Promoted to Kingsport in the Appy League in 1996, he posted a 3.88 ERA in 58 innings, allowing just 31 hits while striking out 68. Excellent K/IP and H/IP ratios. But he walked 54 guys and threw 16 wild pitches, inflating his ERA dramatically from what it would otherwise be. His arm strength was excellent, but his lack of command kept him off prospect lists: he didn't make the Baseball America Top 10 Prospects for the Appy League, although four of his Kingsport teammates (Grant Roberts, Brett Herbison, Andy Zwirchitz, and Pee Wee Lopez) did. He'd likely rate as a "Grade C with higher potential if he ever throws strikes" nowadays.
Burnett moved up to the New York-Penn League in 1997, posting a 4.70 ERA in 44 innings. He gave up just 28 hits while striking out 48, but again command hurt him as he walked 35 and gave up 9 wild pitches. Still a Grade C with potential if his command comes around.
That command came around in 1998. Traded to the Marlins in the Al Leiter deal, Burnett went to Kane County in the Midwest League and thrived, posting a 10-4, 1.97 mark in 119 innings, with a 186/45 K/BB and allowing just 74 hits. K/BB, K/IP, H/IP all were excellent. He refined his breaking ball and changeup, and in general just threw a lot more strikes than he did in the Mets system. I rated him as a Grade B+ prospect, and as the Number 35 overall prospect in baseball and as the Number 13 pitcher.

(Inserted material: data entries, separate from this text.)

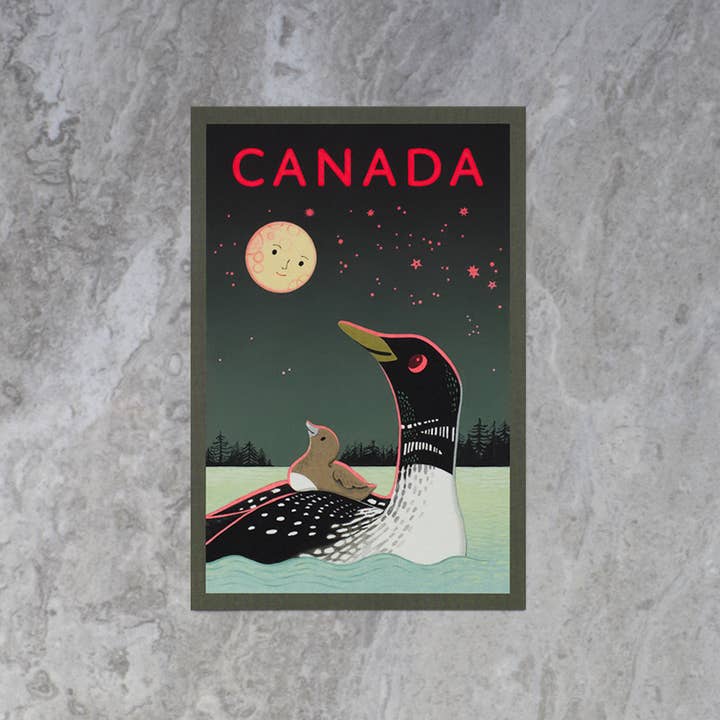 Loon of Canada Postcard for wholesale by JooJoo Paper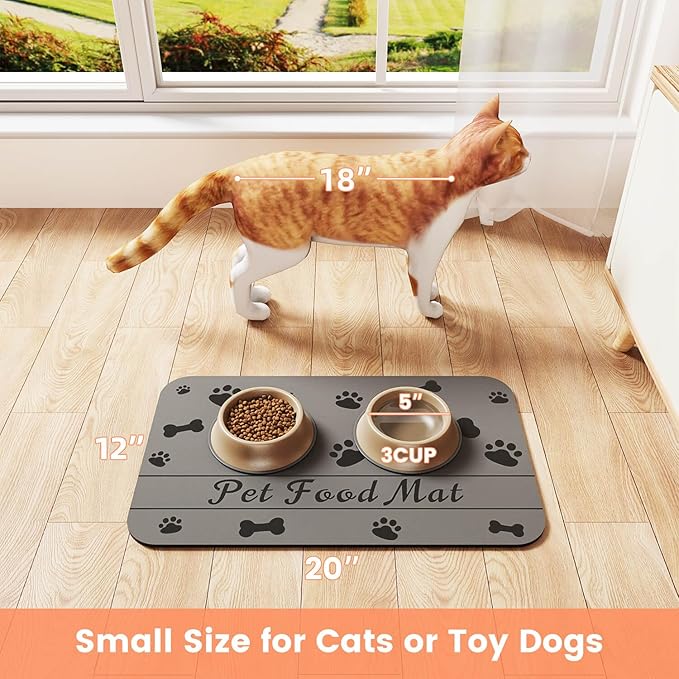 Pet Feeding Mat-Absorbent Pet Placemat - Image 7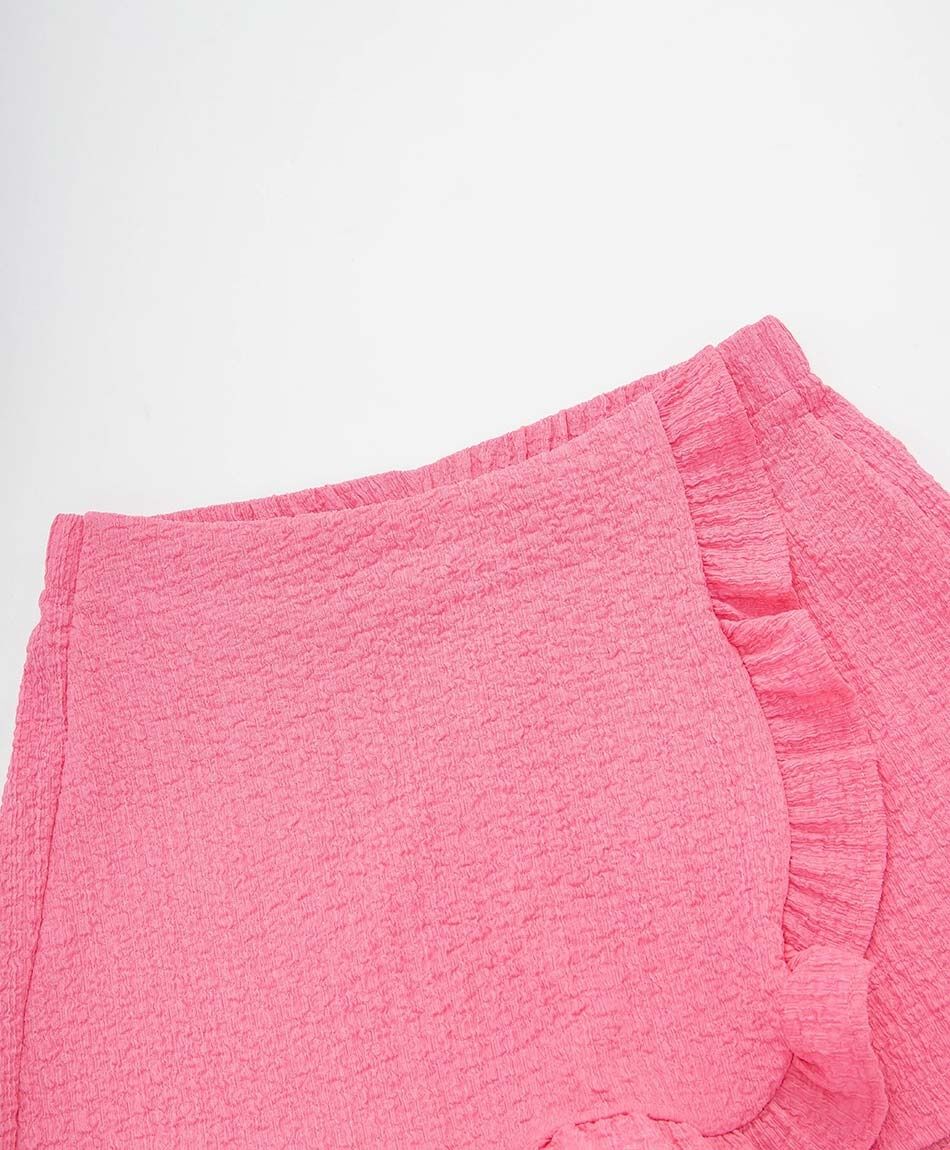 Falda ni&ntilde;a short vuelos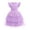 Lilac, variant on Arshiner Toddler Tutu Dress Girls Fluffy Summer Dresses Casual Black Funeral Tulle Sundress for Kids 6-7 Years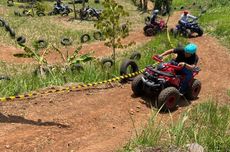 Serunya Naik ATV di Coconut Farm Garden Cianjur, Sensasi Offroad di Alam Terbuka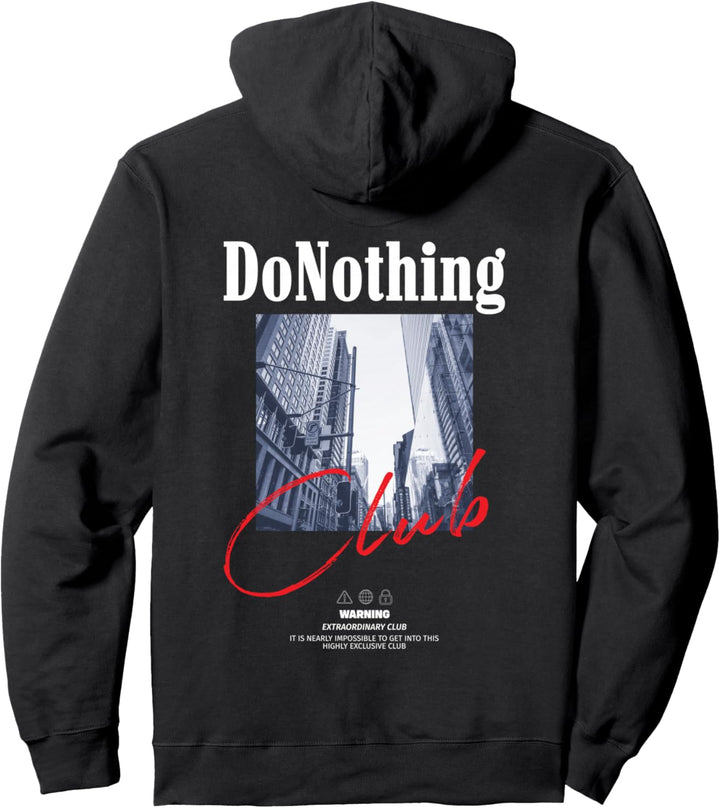 Do nothing club Outfit - Aesthetic Racing Clothes Pullover Hoodie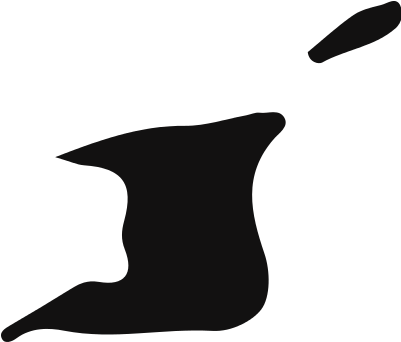 Trinidad And Tobago Black Country Map Shape Vector - Trinidad And Tobago Icon (400x400), Png Download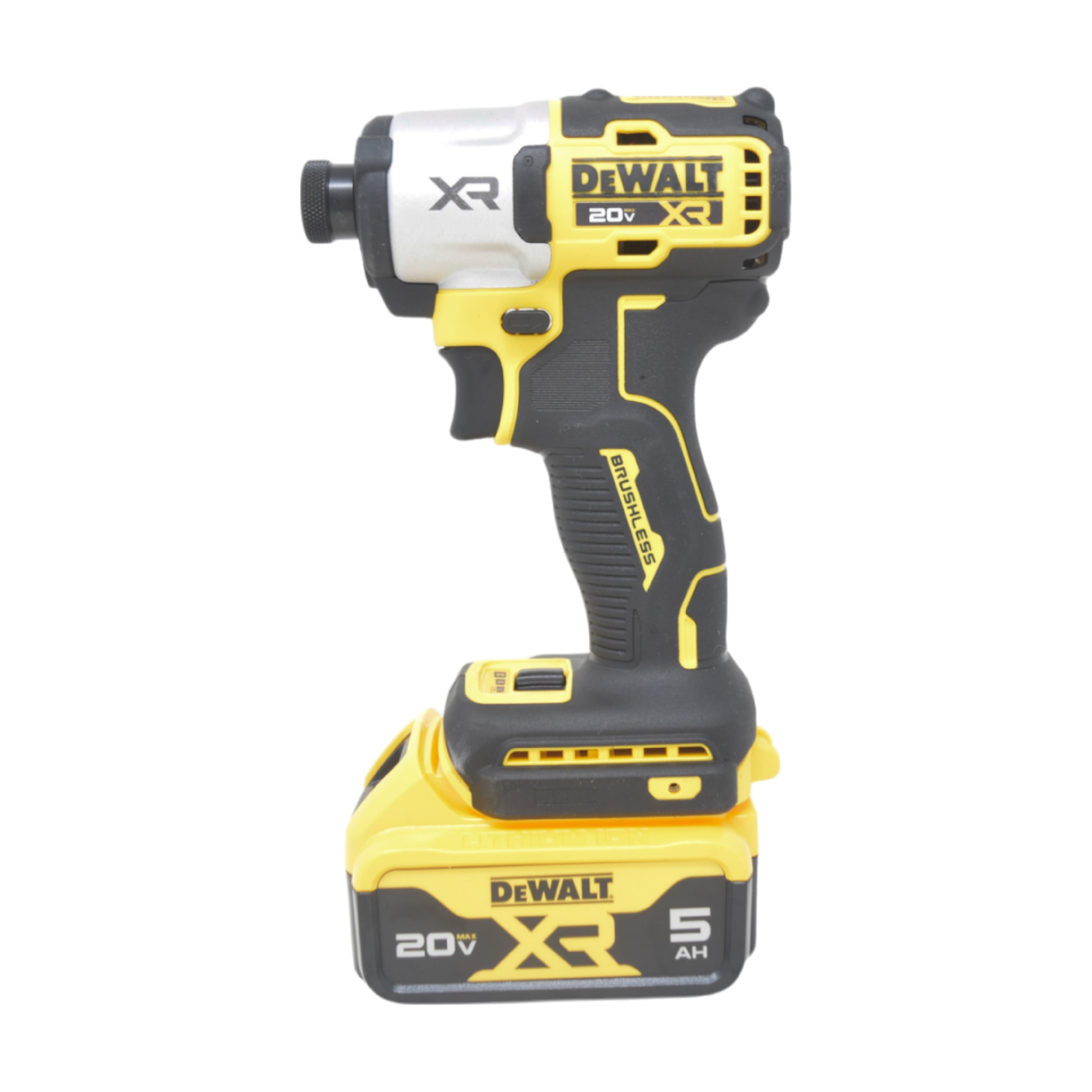 DeWalt DCF845P1 20V Max XR Brushless Cordless 3-Speed 1/4" Impact Driver Kit – Powerful 5.0Ah Battery, Compact Design, Precision Control for Heavy-Duty Jobs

Burnett took a step backwards in 1999. He almost made the major league rotation in spring training. But the Marlins wisely decided that jumping a pitcher from the Midwest League to the majors wasn't a great idea. They sent him to Double-A to get his feet wet against advanced hitters, but Burnett didn't like the idea, throwing tantrums and pitching poorly early in the season, getting surly and acting like an immature brat at times. His control went backwards, and he went 6-12, 5.52 in 121 innings. He struck out 121 guys, but he also gave up 132 hits and walked 74 men. Interestingly, despite his poor behavior, the Marlins decided to give him a major league trial late in the year, and he responded to the show of confidence, going 4-2, 3.48 in 7 starts. I kept his grade at B+ heading into 2000, ranking him at Number 37 overall and Number 15 as a pitcher.
Injuries limited Burnett to 13 major league starts in 2000. Durability and command have remained a problem for him, but when healthy he can be quite dominant. His current record is 59-58, 3.77 in 989 innings, with an 871/416 K/BB ratio. Similar pitchers historically include David Palmer, Erik Hanson, and Jim Lonborg, all successful (if erratic) pitchers.
As a prospect, Burnett always showed outstanding K/IP and H/IP ratios, reflecting his quality stuff and physical ceiling. His track record overall was quite mixed. Most of the time he struggled with his command, but the one season that he showed good control in the minors (1998) he was unstoppable.